Carmen Marai is the pen name of Carmen María Bassa Rodríguez, a Chilean poet and novelist.

== Writing ==
The central themes in her poems are primarily sorrow, betrayal, a mother's love, the struggle for life, and anti-violence, though she has also written humorous works. Her novels, a blend of historic fact and politics with the supernatural, do not necessarily fall into the category of magical realism in that the fantastical elements are not presented as normal occurrences, but fall upon the realm of the real from identifiably unnatural sources.

Her work will at times intertwine religious and mythical motifs with unconventional interpretations.

In June 2009, after the protests and political flurry of the Iranian elections, Marai vocally supported the newly created Iranian Green Movement, writing her poem "Llamas Verdes" ("Green Flames"). She also played a significant role in the translation into Spanish of Persepolis 2.0, a 2009 online graphic novel created by Iranian-born artists Payment and Sina.

== Early life ==
Bassa was born in the major port of San Antonio, Chile, but spent much of her youth in the capital,
Santiago. She is of Catalan and Mallorcan descent, her mother being one of the Winnipeg refugees of the Spanish Civil War.
She attended the Primary schools Sara Cruchaga and Las Carmelitas.

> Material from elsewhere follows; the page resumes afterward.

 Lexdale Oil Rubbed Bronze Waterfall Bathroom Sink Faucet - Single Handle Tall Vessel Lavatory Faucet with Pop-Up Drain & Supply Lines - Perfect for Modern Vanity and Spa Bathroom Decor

She and both her siblings, Jaime and Montserrat, displayed precociousness in languages and the liberal arts, though she was the only one to later pursue a literary career. Her brother later became a commercial engineer and her sister became a lawyer in the Senate of Chile.

== Personal life ==
In the mid-sixties, she married the engineer Rafael Mercado Aced, after which the newly wed couple moved among several small cities of the Norte Chico, later settling in the capital, Santiago.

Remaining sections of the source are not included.